> Source data
· · · · ·

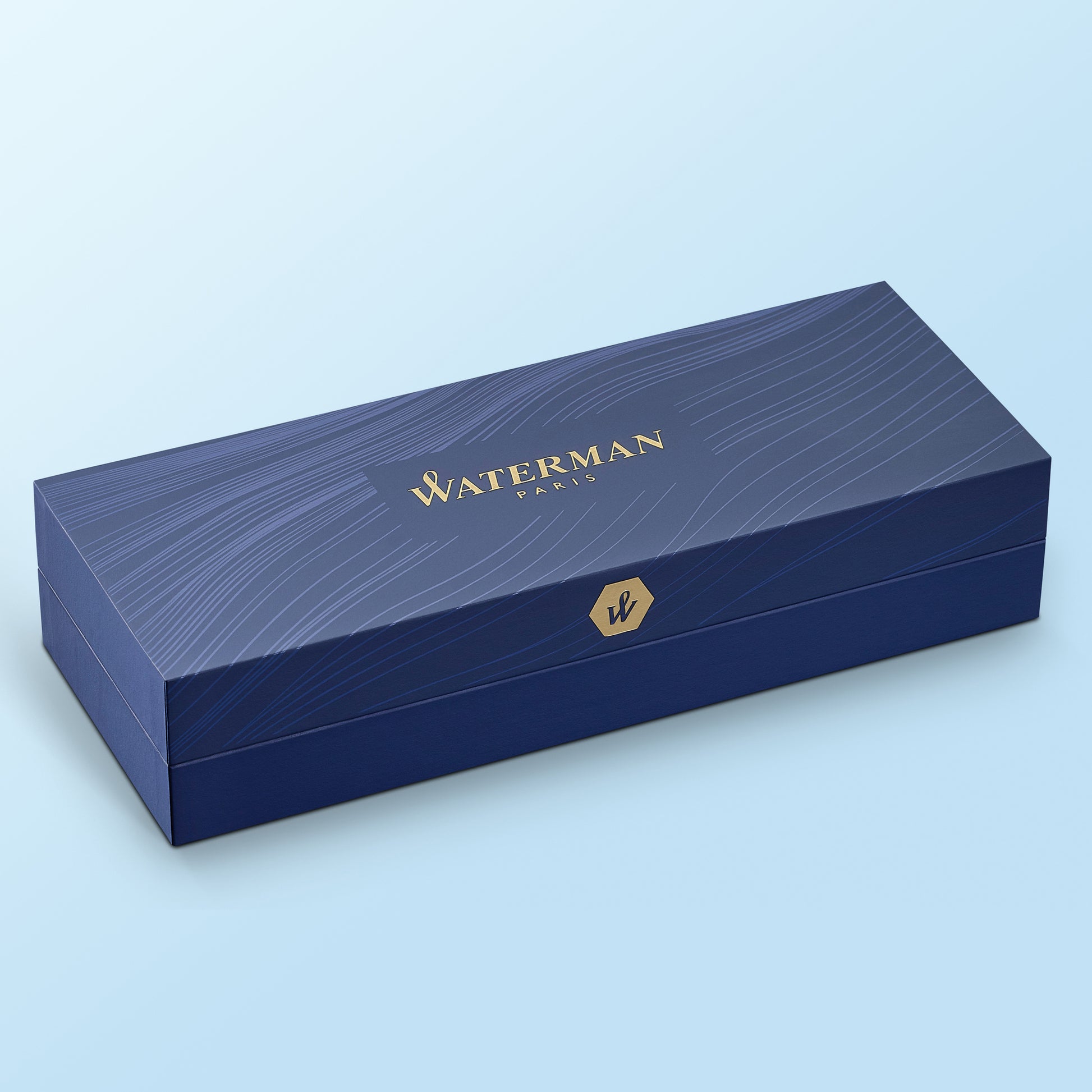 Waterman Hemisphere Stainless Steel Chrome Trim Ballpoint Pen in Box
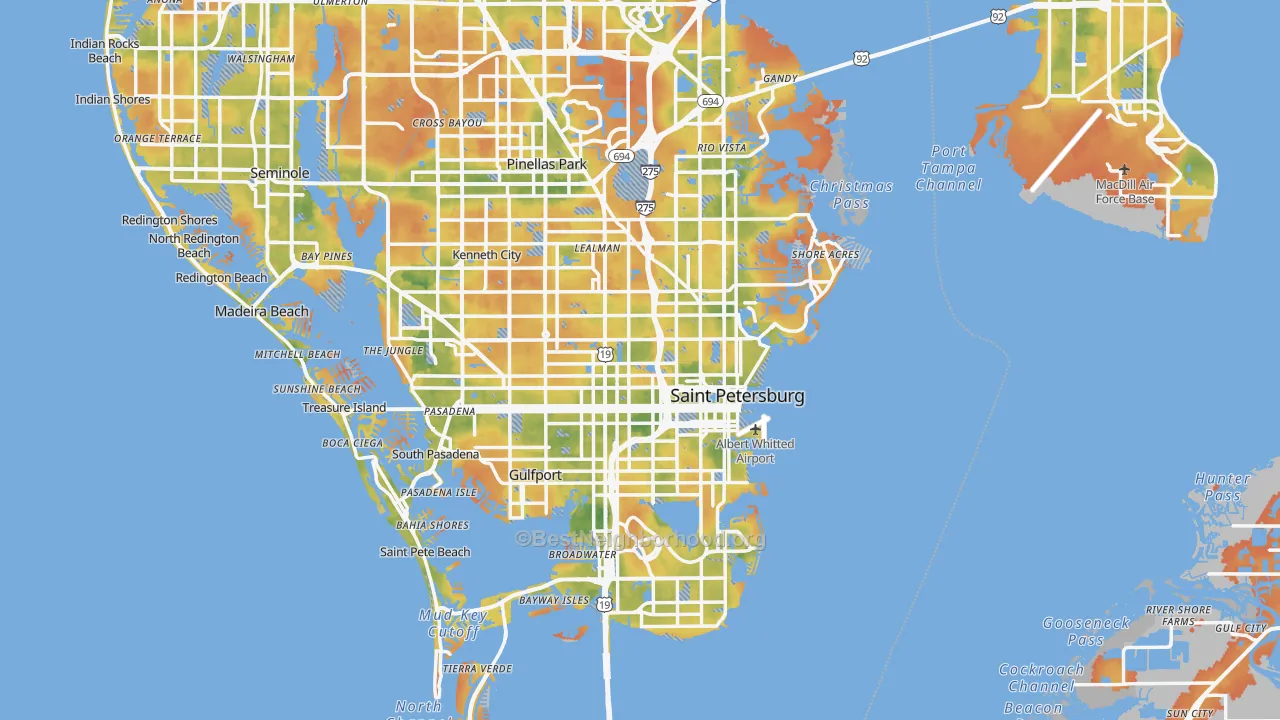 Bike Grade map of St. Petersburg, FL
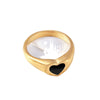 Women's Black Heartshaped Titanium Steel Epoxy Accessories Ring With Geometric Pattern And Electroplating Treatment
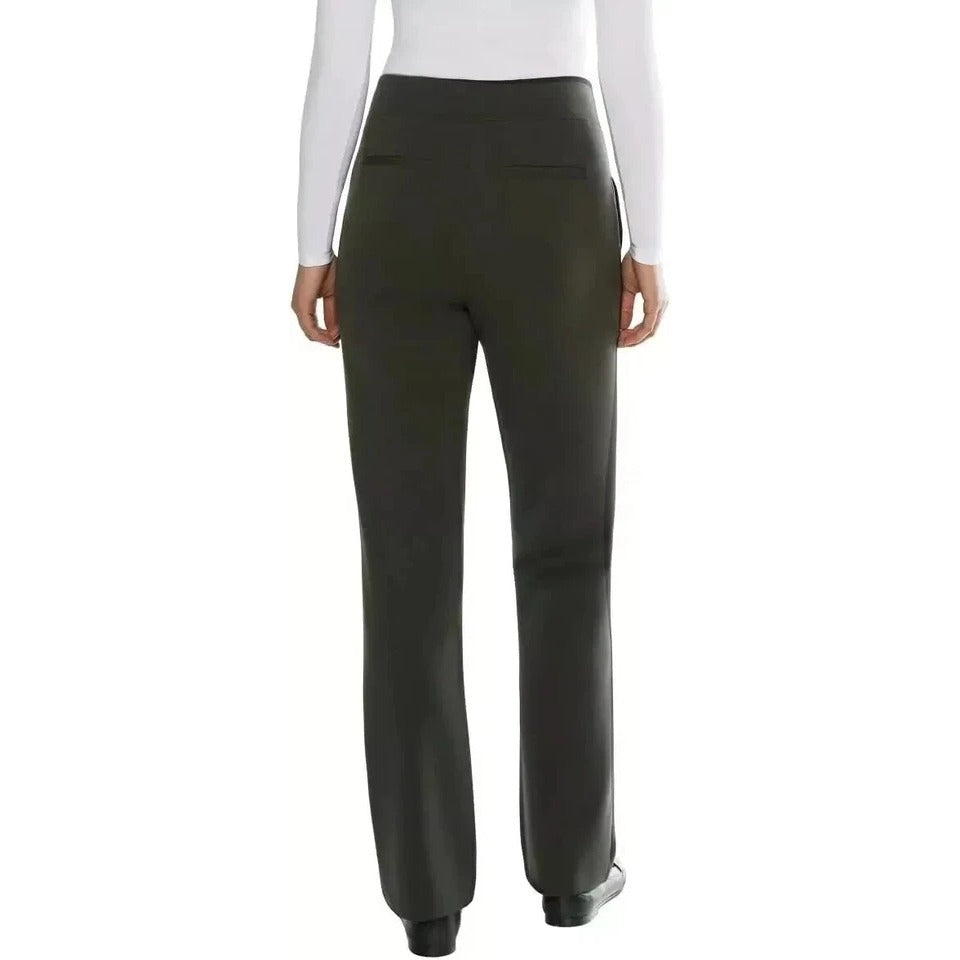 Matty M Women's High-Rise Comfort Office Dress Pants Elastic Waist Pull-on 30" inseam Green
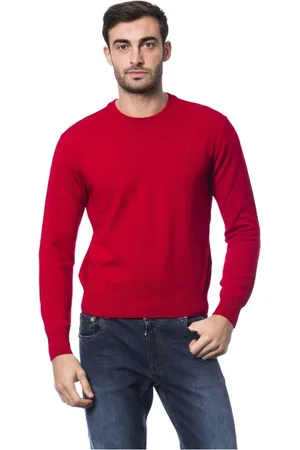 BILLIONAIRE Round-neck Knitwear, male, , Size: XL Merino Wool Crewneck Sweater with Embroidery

· · · · ·

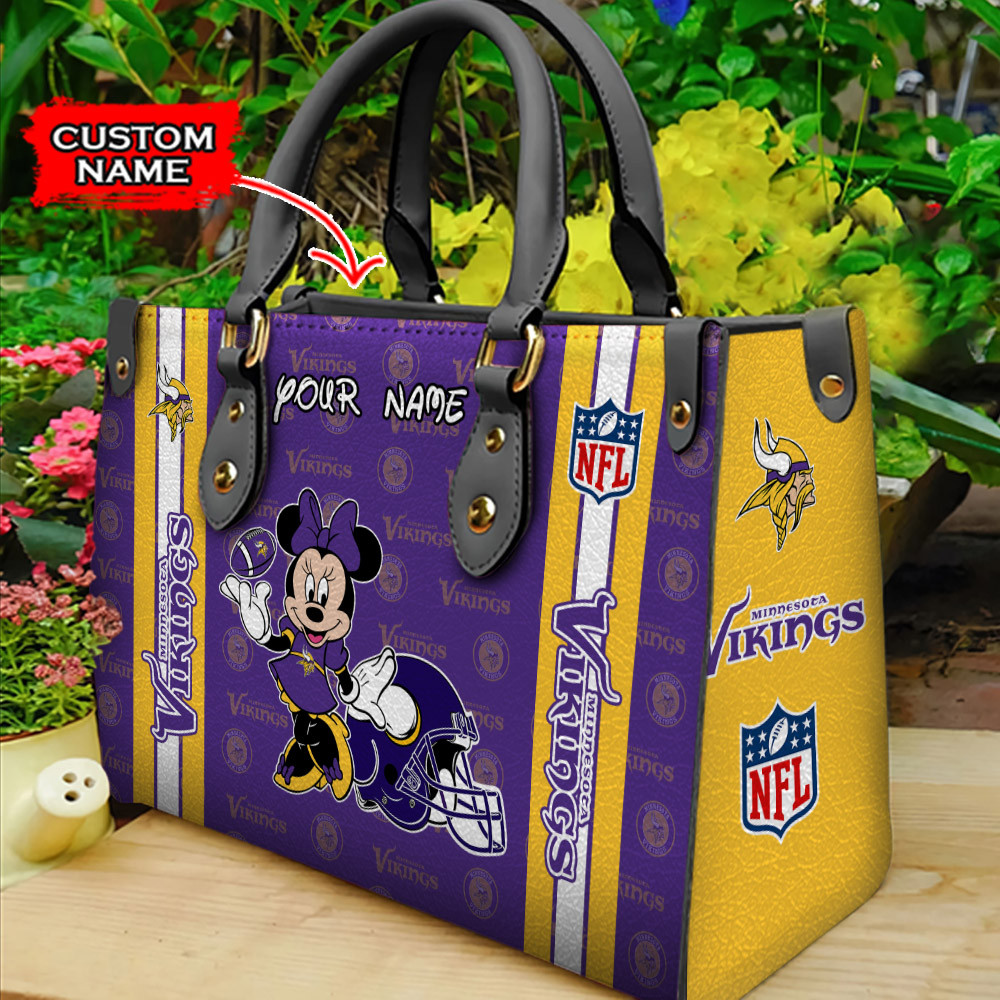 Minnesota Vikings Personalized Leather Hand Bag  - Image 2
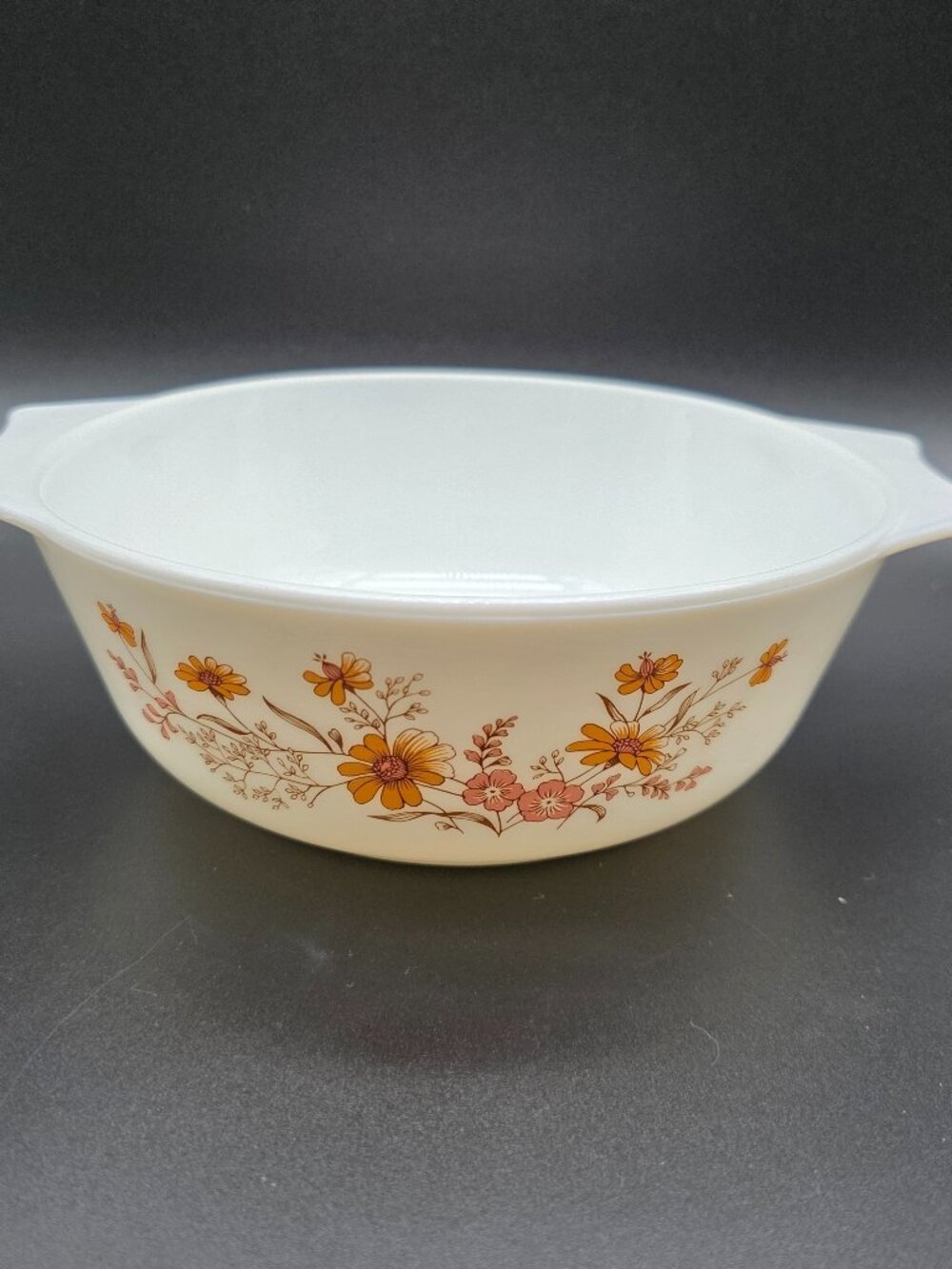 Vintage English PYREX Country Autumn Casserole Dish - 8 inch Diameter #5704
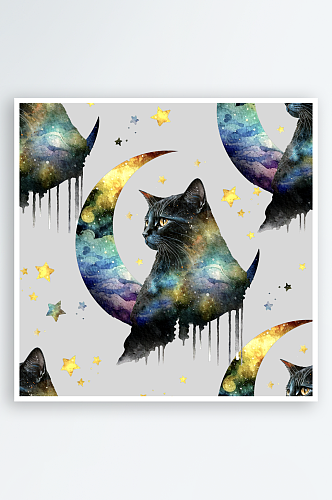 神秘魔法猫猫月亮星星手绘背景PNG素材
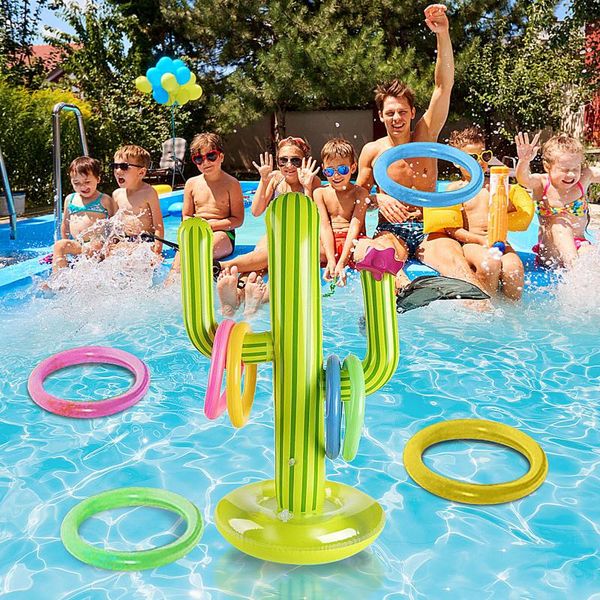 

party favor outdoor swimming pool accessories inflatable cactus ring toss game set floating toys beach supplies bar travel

· · · · ·

> Action item
Take the entries above and copy exactly the lines starting at the one with "Waterman Hemisphere Stainless" and ending at the one with "BILLIONAIRE Round-neck Knitwear, male, , Size: XL"; nothing outside that span, and no pictures.

> Finished task
 Waterman Hemisphere Stainless Steel Chrome Trim Ballpoint Pen in Box
 Bike Grade map of St. Petersburg, FL
 Women's Black Heartshaped Titanium Steel Epoxy Accessories Ring With Geometric Pattern And Electroplating Treatment
 Matty M Women's High-Rise Comfort Office Dress Pants Elastic Waist Pull-on 30" inseam Green
 BILLIONAIRE Round-neck Knitwear, male, , Size: XL Merino Wool Crewneck Sweater with Embroidery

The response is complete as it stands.